Work to be completed | The records below need to be repeated exactly, with every picture left out.

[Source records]
--- START ---

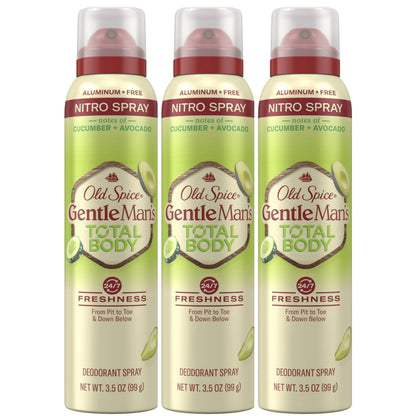 Old Spice Whole Body Deodorant Spray for Men – Aluminum Free, Cucumber + Avocado, 3 x 3.5 oz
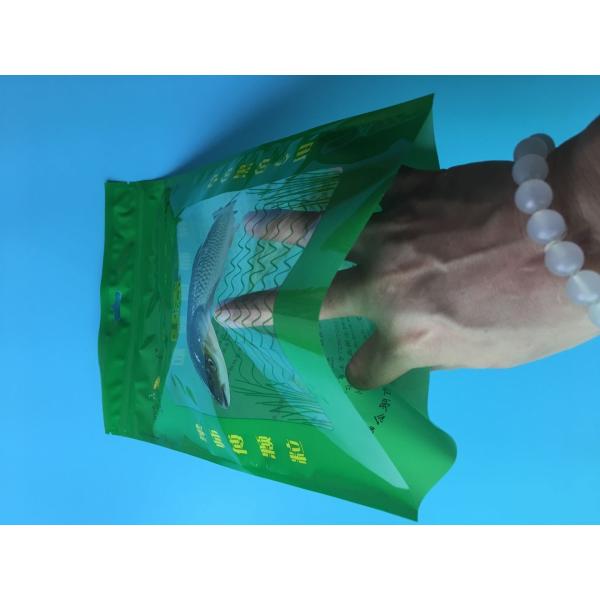Custom Printed Green 3 Sided Sealed Composite Fish Bag With Transparent Window In Front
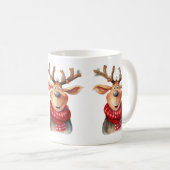コミカルなトナカイ コーヒーマグカップ (正面右)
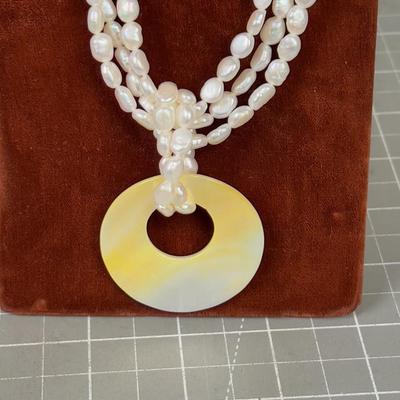 Fresh Water Pearl with Mother of Pearl Disk - Sterling Clasp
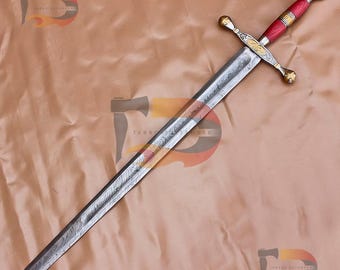 Hand Forged Damascus Steel Sword | Saint George Medieval Replica With Leather Sheath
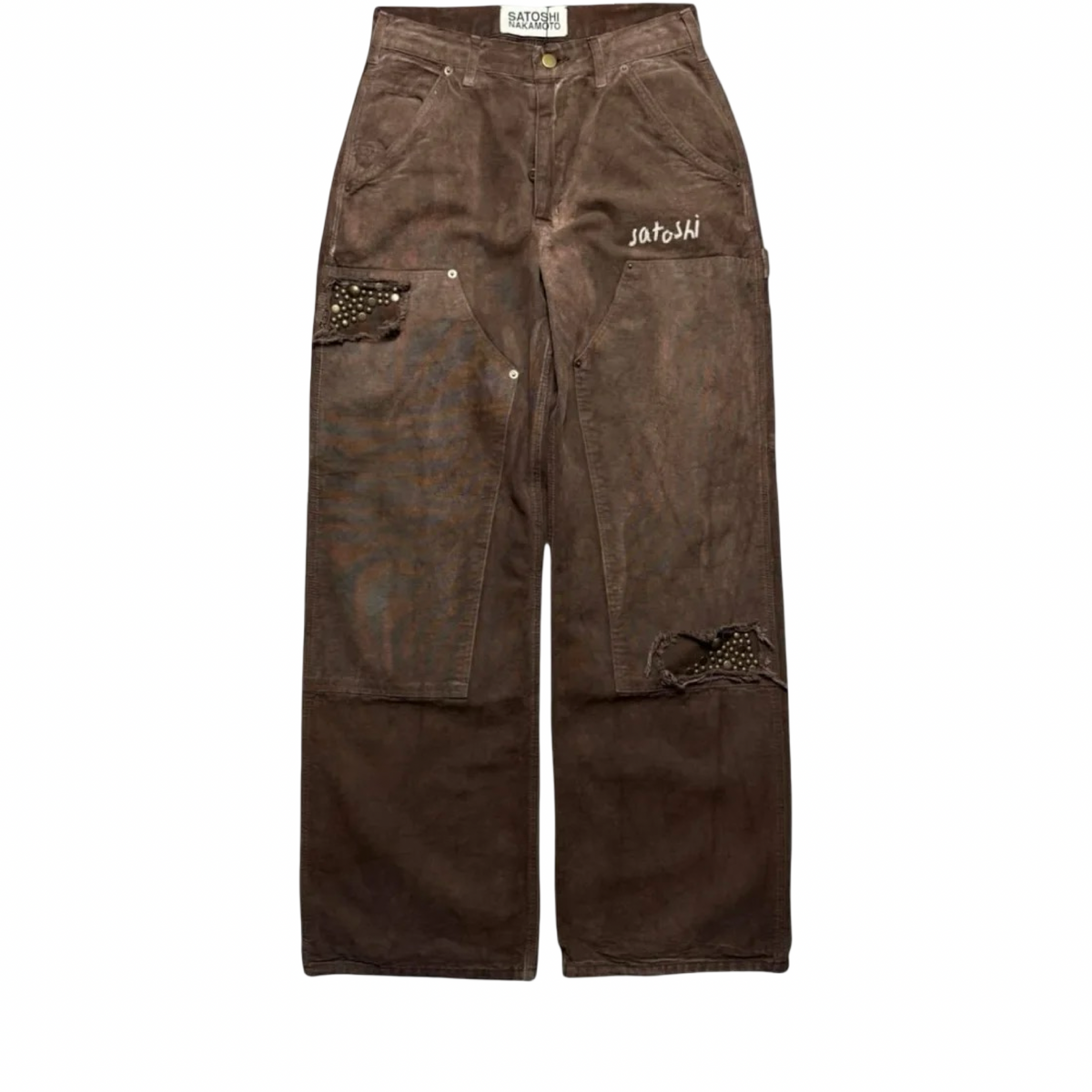 Satoshi Nakamoto Double Knee Studded Cargo Pants Brown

--- END ---

Answer section |
 Old Spice Whole Body Deodorant Spray for Men – Aluminum Free, Cucumber + Avocado, 3 x 3.5 oz
Custom Printed Green 3 Sided Sealed Composite Fish Bag With Transparent Window In Front
コミカルなトナカイ コーヒーマグカップ (正面右)
 Fresh Water Pearl with Mother of Pearl Disk - Sterling Clasp
 Hand Forged Damascus Steel Sword | Saint George Medieval Replica With Leather Sheath
 Satoshi Nakamoto Double Knee Studded Cargo Pants Brown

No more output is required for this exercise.